Ubisoft isn’t done fiddling with Assassin’s Creed. In a recent interview with Ubisoft’s communications director, Lucy O’Brien, Ubisoft CEO Yves Guillemot talked about the video game developer’s plans for one of their premier franchises. In addition to having “Assassin’s Creed games come out more regularly,” Guillemot told gamers to expect remakes of the old games in the series, which would “modernize” the classics on which the franchise was built.
“Firstly, players can be excited about some remakes, which will allow us to revisit some of the games we’ve created in the past and modernize them; there are worlds in some of our older Assassin’s Creed games that are still extremely rich.”
O’Brien didn’t follow up on the “modernize” comment, so what exactly Guillemot means by that is unclear. He could mean that he’s going to update the graphics and, considering the “extremely rich” description of the worlds in those games, expand the lore and maybe throw in some extra content. But this promise to modernize the old Assassin’s Creed games comes on the heels of the controversy over Assassin’s Creed Shadows, where Ubisoft set a game in feudal Japan for the first time and decided to make the male samurai protagonist a historical black man who likely wasn’t a samurai.

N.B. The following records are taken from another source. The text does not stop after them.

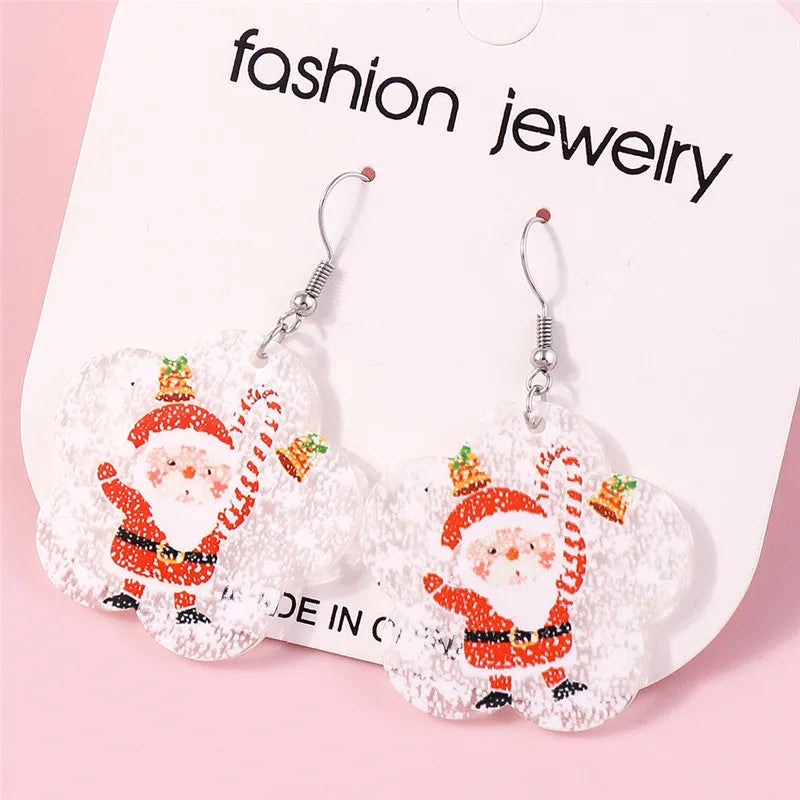 the HAPPY HOLIDAYS COLLECTION - Merry Christmas Earrings Fashion Christmas Tree Deer Santa Drop Earrings New Year Jewelry Gifts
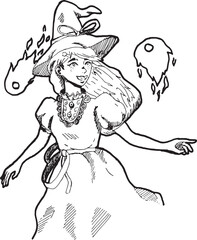 illustration of young female witch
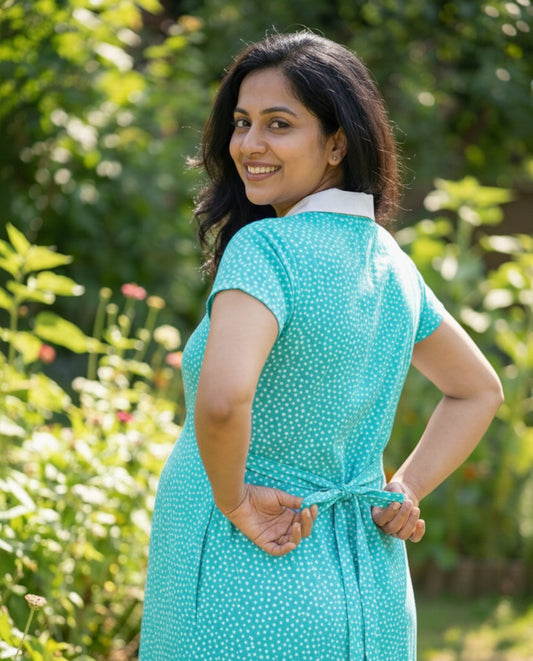 Vibrant Shawl Neck Frocks-Maternity Cum Feeding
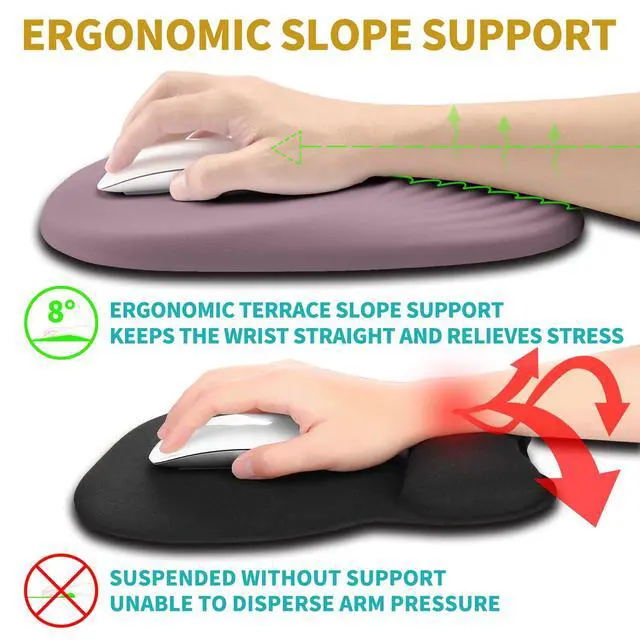 Alt view image 3 of 5 - Hokafenle Ergonomic Mouse Pad Wrist Support with Stepped-Wedge Design, Wrist Rest Pain Relief Mousepad Filled with Memory Foam, Carpal Tunnel Mousepad for Wireless Mouse(12x8 inch, Purple)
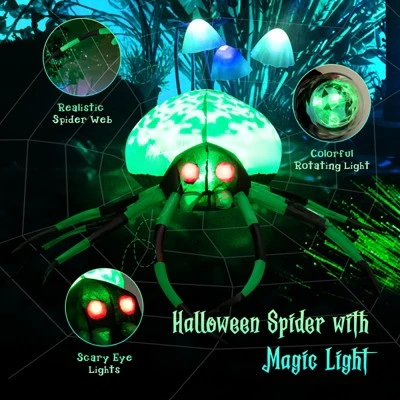 Tangkula Halloween Inflatable Spider with Cobweb Creepy Blow-up Spider with LED Rotating LED Light Green Black Legs Waterproof Halloween Decoration 2 Tangkula Halloween Inflatable Spider with Cobweb Creepy Blow-up Spider with LED Rotating LED Light Green Black Legs Waterproof Halloween Decoration - Image 2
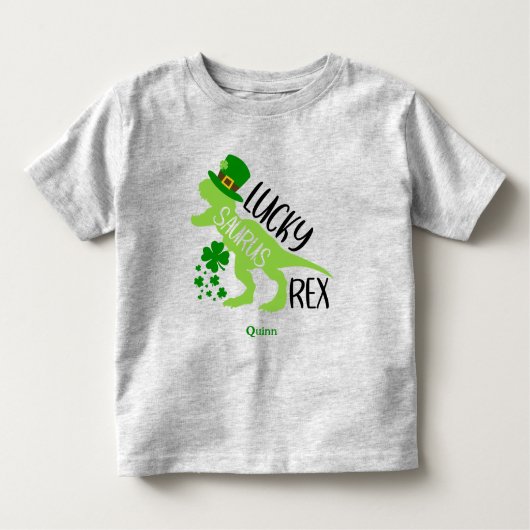 Lucky Saurus Rex Dinosaur St. Patrick's Day Kleinkind T-shirt (Vorderseite)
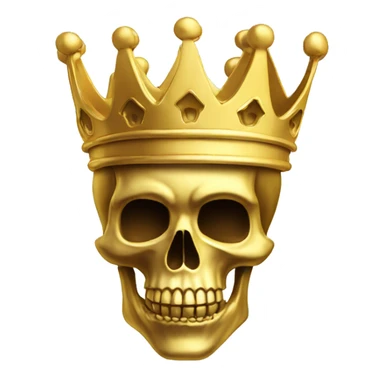Golden Skull Coin wih crown sticker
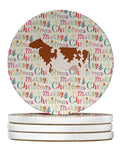 Ayrshire Cow Christmas Large Sandstone Coasters Pack of 4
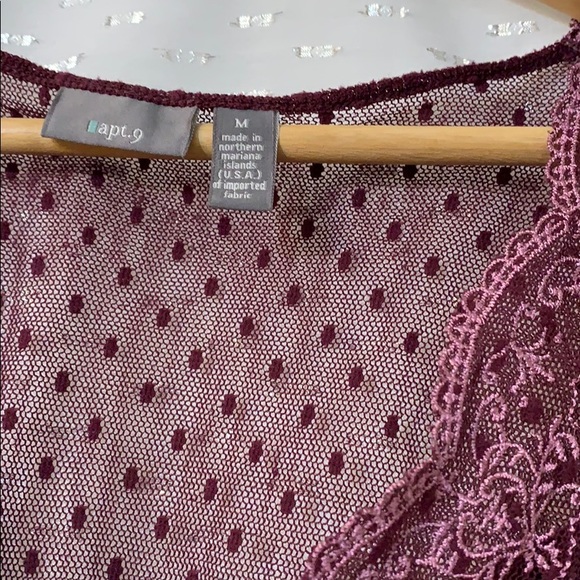 Apt.9 Sheer Lace Peplum Top EUC - Picture 3 of 4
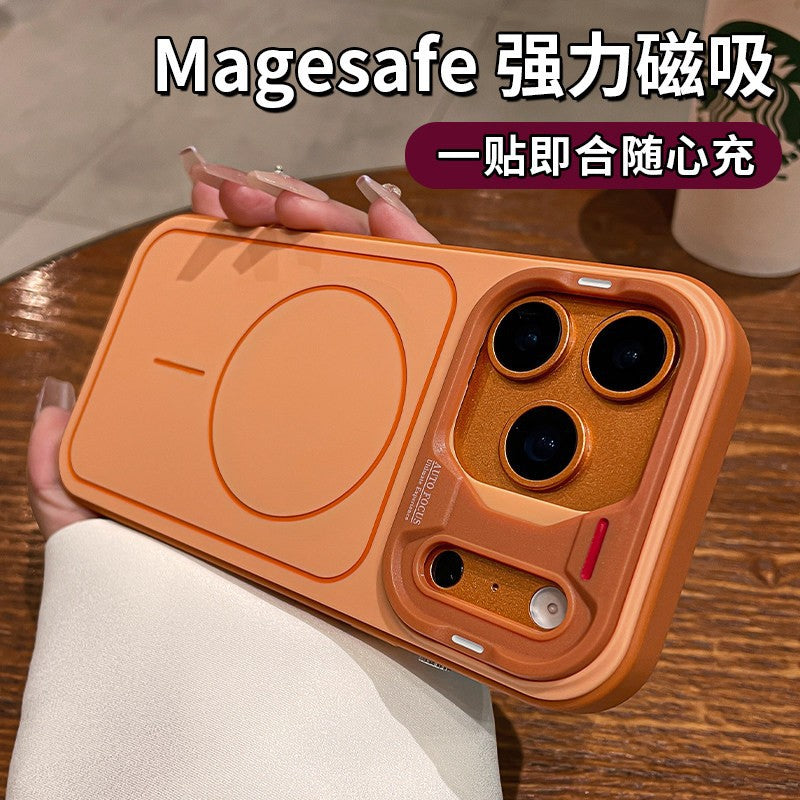 Spliced design magnetic compatible iphone 17 pro max case, apple 15 matte anti-drop protective cover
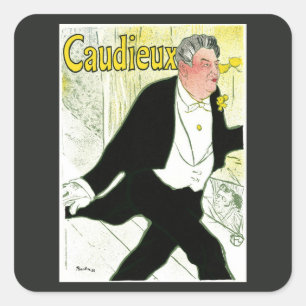 Vintages Jugendstil, Caudieux von Toulouse Lautrec Quadratischer Aufkleber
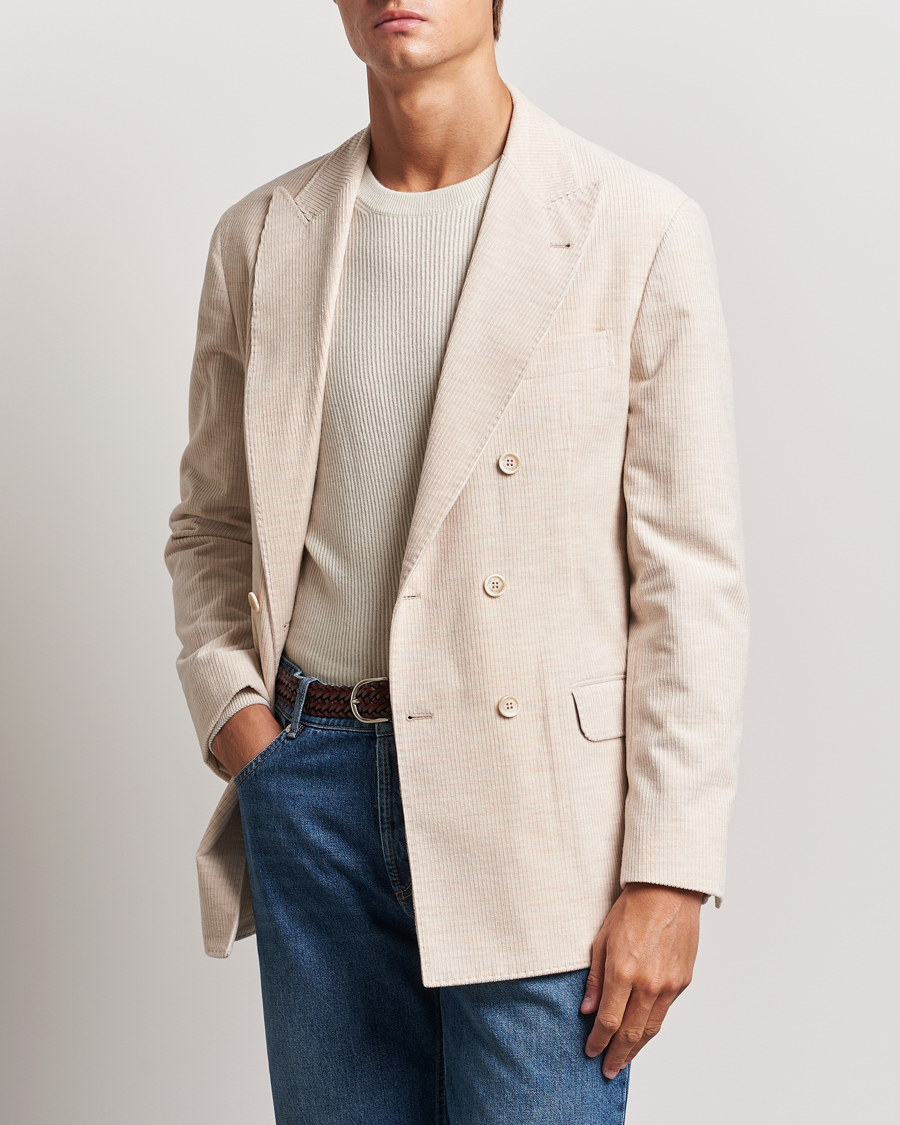 Homme | Blazers | Brunello Cucinelli | Double Breasted Cashmere Corduroy Blazer Sand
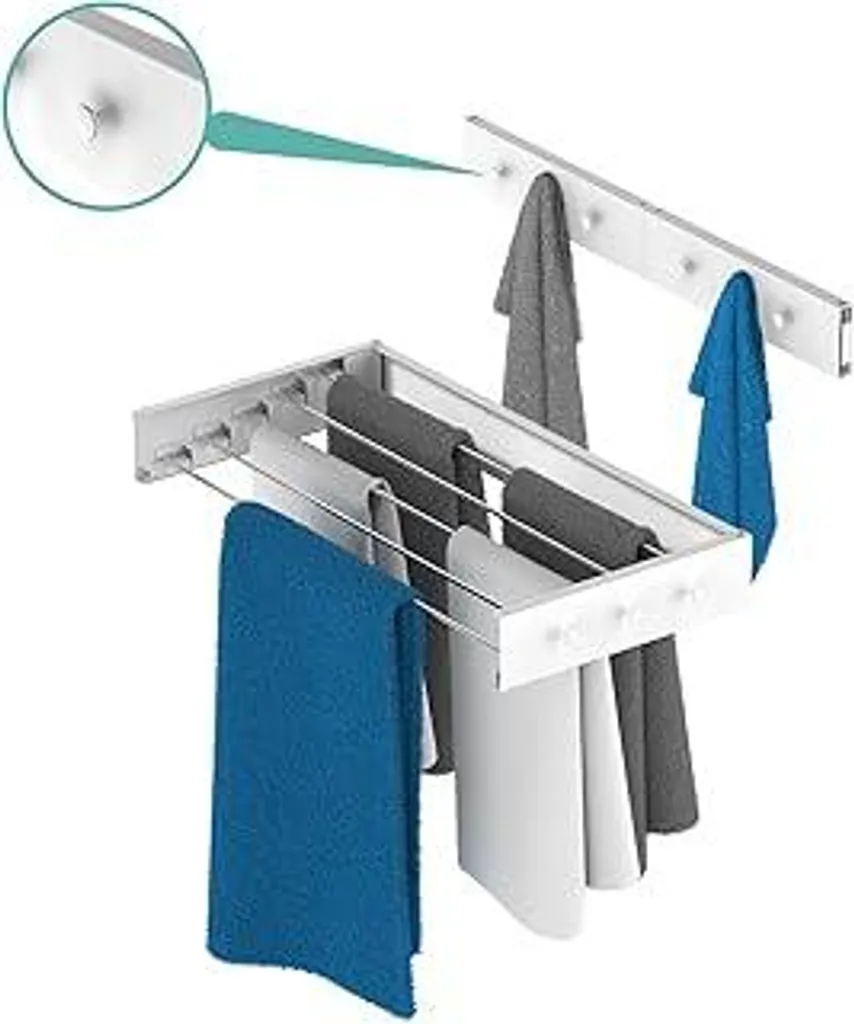 Stendino da Muro 80 cm Metallo | Libera il tuo Balcone e Appartamento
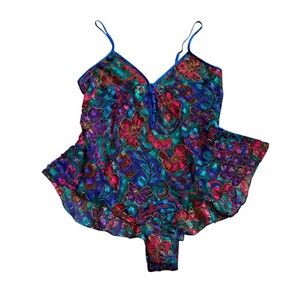 Vintage Victoria’s Secret Gold Label Floral Jewel  Lingerie Women Sz Medium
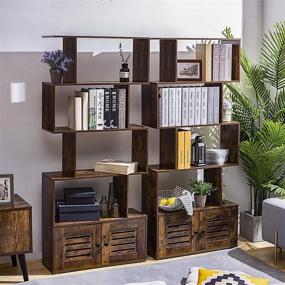 img 3 attached to 📚 DINZI LVJ 5-Tier Geometric Bookcase with Doors: Rustic Brown Wood Bookshelf for Living Room Organization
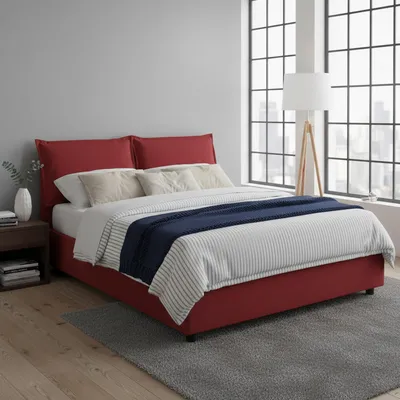 Imagen del producto de Amy - Cama Matrimonial, Roja, Colchón Incluido Hecho en Italia
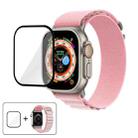 For Apple Watch Ultra 2 / 1 49mm Buckle Loop Nylon Watch Band with 3D Curved Film(Pink Light Pink) - 1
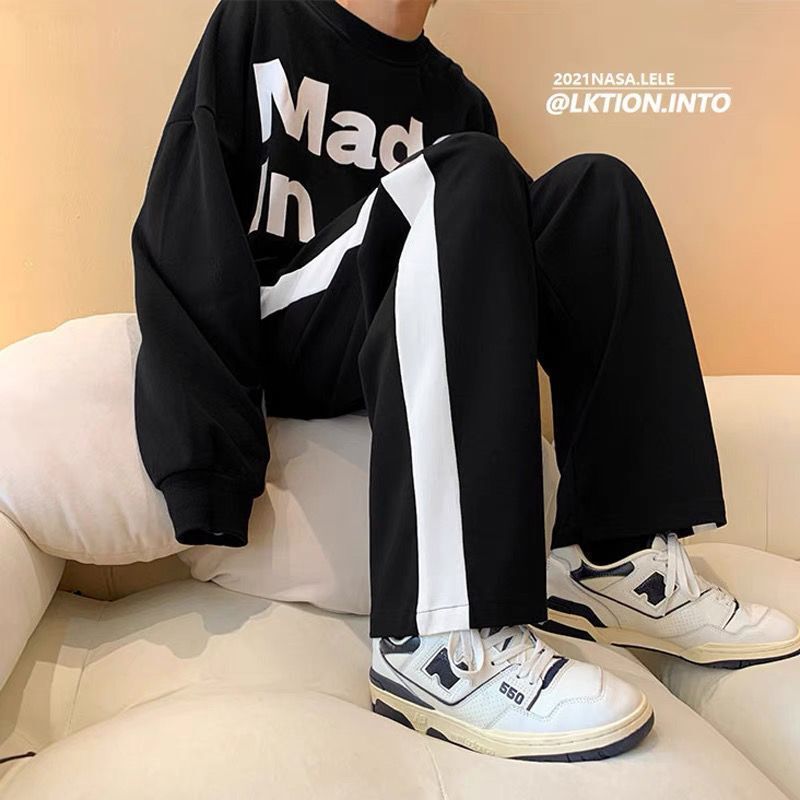 2022 New Straight Wide Leg Female Students Korean Loose All-match Fashionable Summer and Autumn Casual Sports Trousers for Children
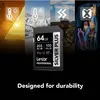 A collage of images showing different environments and a Lexar Professional Silver Plus 64GB SDXC card, with text overlay. Voir les images du produit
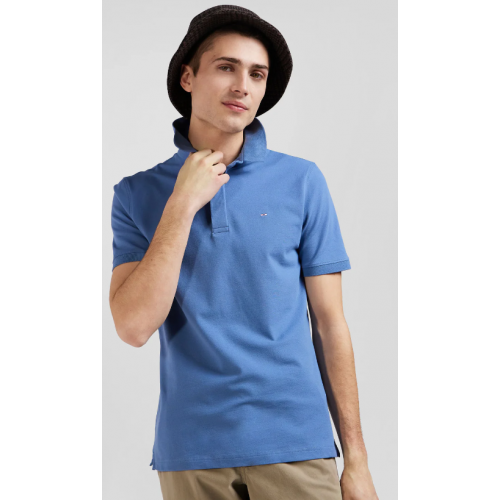 Polo homme manches courtes en coton stretch bleu coupe Slim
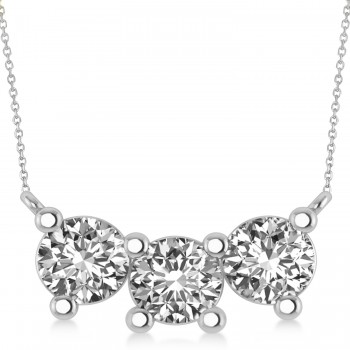 Three Stone Diamond Pendant Necklace 14k White Gold (3.00ct)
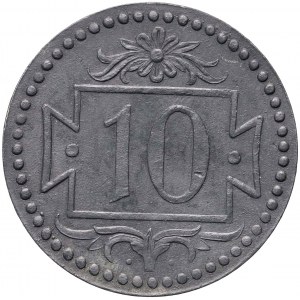 Free City of Danzig, 10 pfennigs 1920, Danzig, small numbers, 56 pearls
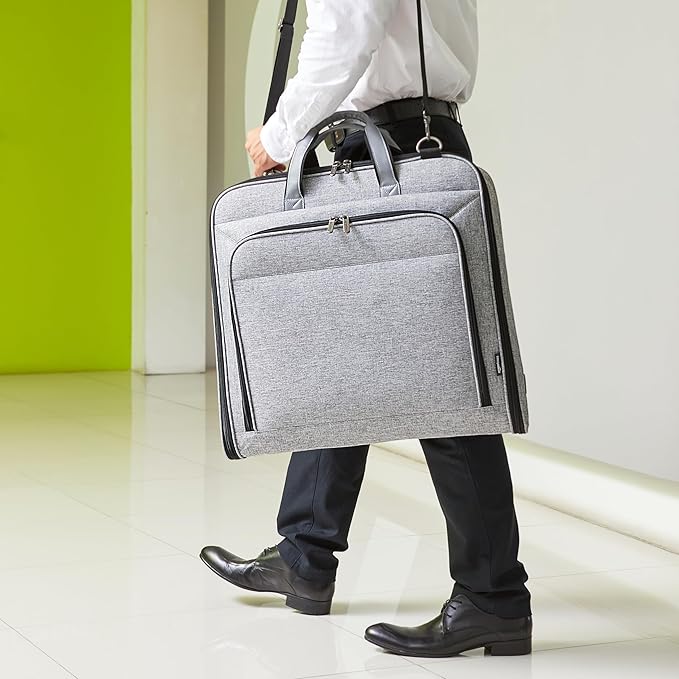 Amazon Basics Carry-On Garment Bag for Travel and Business Trips with Shoulder Strap, Hanging Suit Luggage Bag for Men Women, Wrinkle Free Cover for Suits Dresses Coats, Gray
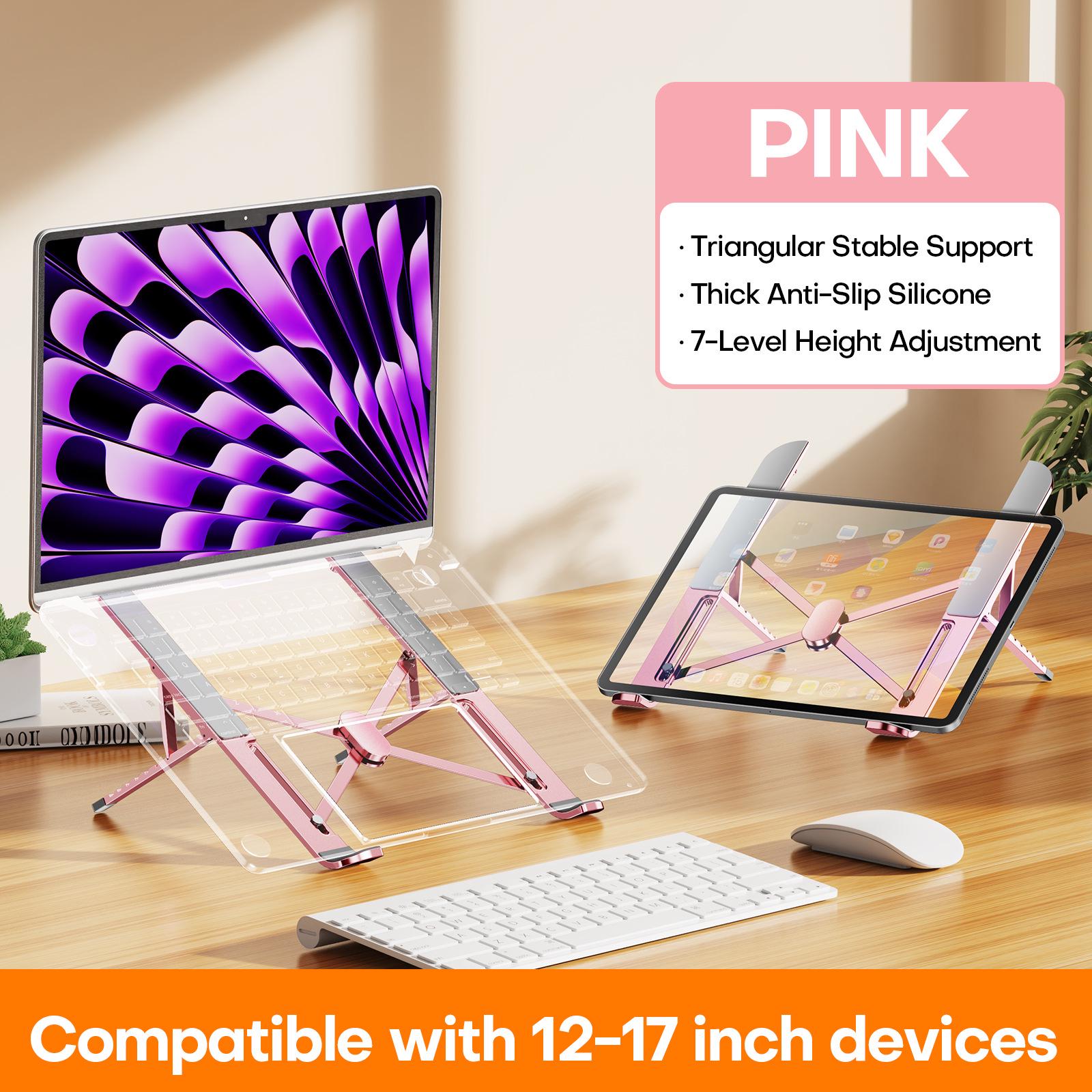 

Foldable Metal Laptop Stand: Height Adjustable, Portable, Cooling Design for Desktop and Gaming. роза розовый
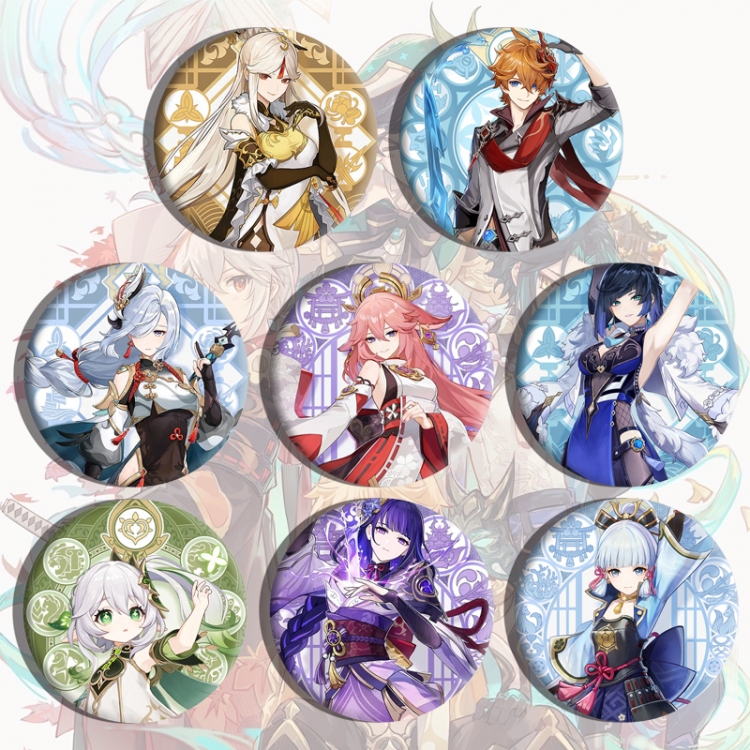 Genshin Impact Anime tinplate brooch badge a set of 8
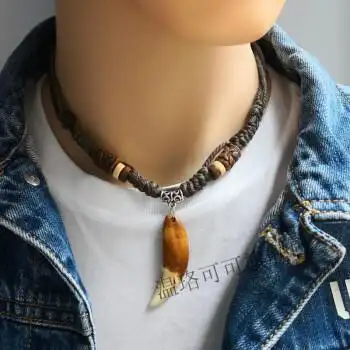 黑狗牙项链复古牙齿挂件狼牙吊坠男嘻哈潮人女饰品款式j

In this same interview, Guillemot says the thing that dismays him about the video game industry is “the malicious and personal online attacks that have been directed at some of our team members and partners,” after which he called on “the rest of the industry and players” to call them out. This is a guy who thinks the worst thing about video games is gamers voicing their displeasure at his company; I know he specifies “malicious and personal attacks,” but he follows it up with a plea to “celebrate the hard work and talent that goes into making videogames.” In other words, shut up and buy our games.
These aspects of Ubisoft’s current climate make people think the company will “modernize” the old Assassin’s Creed games by injecting more DEI and woke, identity politics nonsense into them. Assassin’s Creed has always been a fairly diverse game series in terms of the characters’ ethnic backgrounds; it’s had Middle Easterners (which makes sense, given where the term “assassin” came from), Italians, Native Americans, Vikings, Britons, and more, but it’s never enough for the diversity crusaders. I wouldn’t put it past the Ubisoft team to institute race, gender, or sexuality swaps for the previous games’ heroes, and to accuse their fans of hate if they don’t like it. And if you think that’s farfetched, look what Bruce Timm is doing to his own character on Batman: Caped Crusader. It’s a different medium but the same principle, “modernizing” the past. A lot of this may have to do with how well Assassin’s Creed Shadows does when it’s released; if it’s a big success, they’ll see no reason not to “fix” the past. However, if it bombs, they may just do a proper remake of the older games with a warning similar to the one on Tomb Raider I-III Remastered.
No thanks. A few years ago I would have been excited, but now I don’t even want to play free games from Ubisoft.